Sunway is confident it will be able to achieve the minimum IPO valuation for Sunway Healthcare


SUNWAY Group Bhd’s long term growth plans are unchanged despite the Covid-19 pandemic, said RHB Investment Bank Bhd in a note yesterday.

Its analyst Loong Kok Wen said the new target price of RM2.02 for the group reflects its revisions to Sunway’s earnings estimates and valuation for Sunway Healthcare Holdings Sdn Bhd.

“Management is confident Singapore’s sovereign wealth fund GIC Pte Ltd will not exercise the put option for Sunway Healthcare,” said Loong.

Sunway’s application for a digital bank licence and the purchase of a majority stake in Multicare Health Pharmacy Sdn Bhd, are part of the group’s long-term growth strategy. Loong maintained a ‘Buy’ call on the company.

“At our recent meeting with management, CFO Chong Chang Choong reiterated the firm is not likely to exercise the put option which would enable it to achieve a minimum US dollar-denominated internal rate of return (IRR) of 18.5%.

Sunway is confident it will be able to achieve the minimum IPO valuation for Sunway Healthcare,” Loong noted.

Given the healthcare company’s growth prospects and expansion plan, Sunway’s management aims to reach a valuation of RM8 billion-RM10 billion upon its listing in six to eight years.

“The staggered payment from GIC (totalling RM750 million) would also mean a lower average cost of capital, as the commitment to fulfil the 12.5% IRR will then be “delayed”. Sunway will be able to leverage on the current low interest rates and the scheduled cashflow from GIC to undertake more borrowings now, if needed,” Loong added.

On the matter of Sunway’s digital bank bid, the group’s strong database is expected to support the digital bank licence application.

According to media reports, Sunway, Tencent-backed Linklogis Inc and Bangkok Bank plc have jointly applied for a Malaysian digital bank licence.

“Management did not elaborate on plans for digital banking (results will only be announced in the first quarter of 2022/1Q22) but Chong indicated Sunway has a wide database — on the number of visitors clocked in its shopping malls, hotels, theme parks, hospitals, workers in its offices and students in its educational institutions,” the analyst wrote.

Currently, Sunway has an online remittance firm and it is also a major shareholder of Credit Bureau Malaysia.

The report has raised Sunways property sales target for the year to RM2.2 billion (from RM1.6 billion). The group has hit RM1.6 billion in property sales in the first half of 2021 (1H21) — two-thirds from its Singapore projects.

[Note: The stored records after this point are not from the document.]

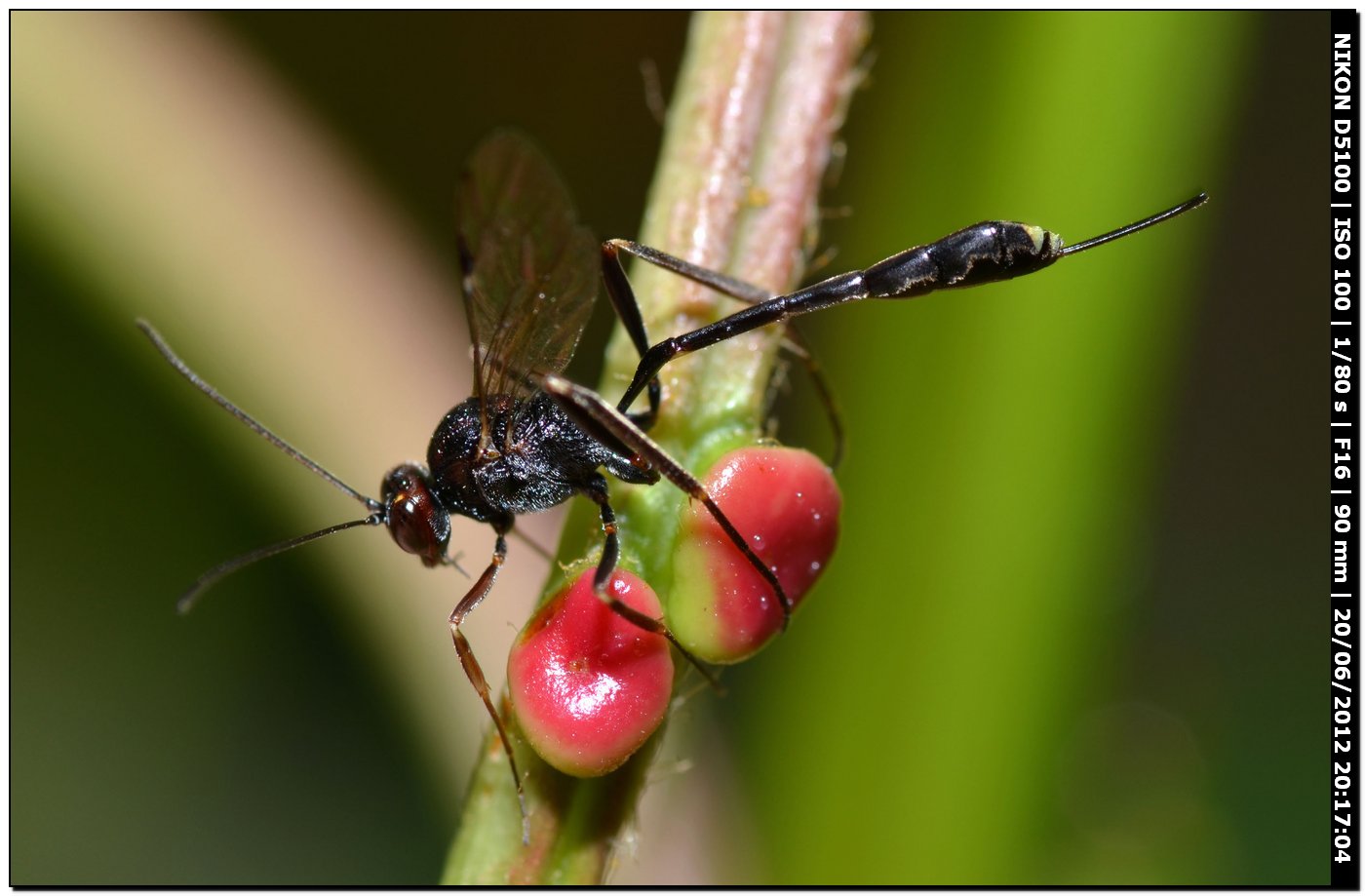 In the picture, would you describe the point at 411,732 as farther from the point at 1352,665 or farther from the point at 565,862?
the point at 1352,665

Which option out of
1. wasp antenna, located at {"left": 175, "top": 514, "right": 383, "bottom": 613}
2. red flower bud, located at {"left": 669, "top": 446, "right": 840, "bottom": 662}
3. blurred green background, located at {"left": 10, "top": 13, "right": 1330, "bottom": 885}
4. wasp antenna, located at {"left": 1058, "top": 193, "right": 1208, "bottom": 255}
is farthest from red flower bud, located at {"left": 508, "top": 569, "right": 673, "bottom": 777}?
wasp antenna, located at {"left": 1058, "top": 193, "right": 1208, "bottom": 255}

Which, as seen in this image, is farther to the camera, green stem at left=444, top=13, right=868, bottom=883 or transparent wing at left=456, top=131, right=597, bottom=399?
transparent wing at left=456, top=131, right=597, bottom=399

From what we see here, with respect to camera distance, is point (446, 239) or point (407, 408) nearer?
point (407, 408)

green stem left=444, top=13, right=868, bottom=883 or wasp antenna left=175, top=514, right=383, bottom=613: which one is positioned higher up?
green stem left=444, top=13, right=868, bottom=883

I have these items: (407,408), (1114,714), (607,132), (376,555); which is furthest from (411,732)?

In Malaysia, Sunway Belfield’s project take-up rate was 87% for Tower One and 65% for Tower Two as at end-June. It also recently soft launched Sunway D’Hill.

“Despite the pandemic, management still aims to launch other projects in the pipeline, including Sunway Artessa (gross development value (GDV): RM320 million) and Velocity Two Tower D (GDV: RM390 million),” said Loong.

She noted the impact of the Full Movement Control Order (MCO) should be less significant versus MCO 1.0 in 2Q20.

“However, if the lockdown is extended, the earnings impact would be more severe in 3Q21. The 4Q21 should see much stronger pent-up demand as the country’s vaccination rate should have reached 60%-65% by then,” the report forecast.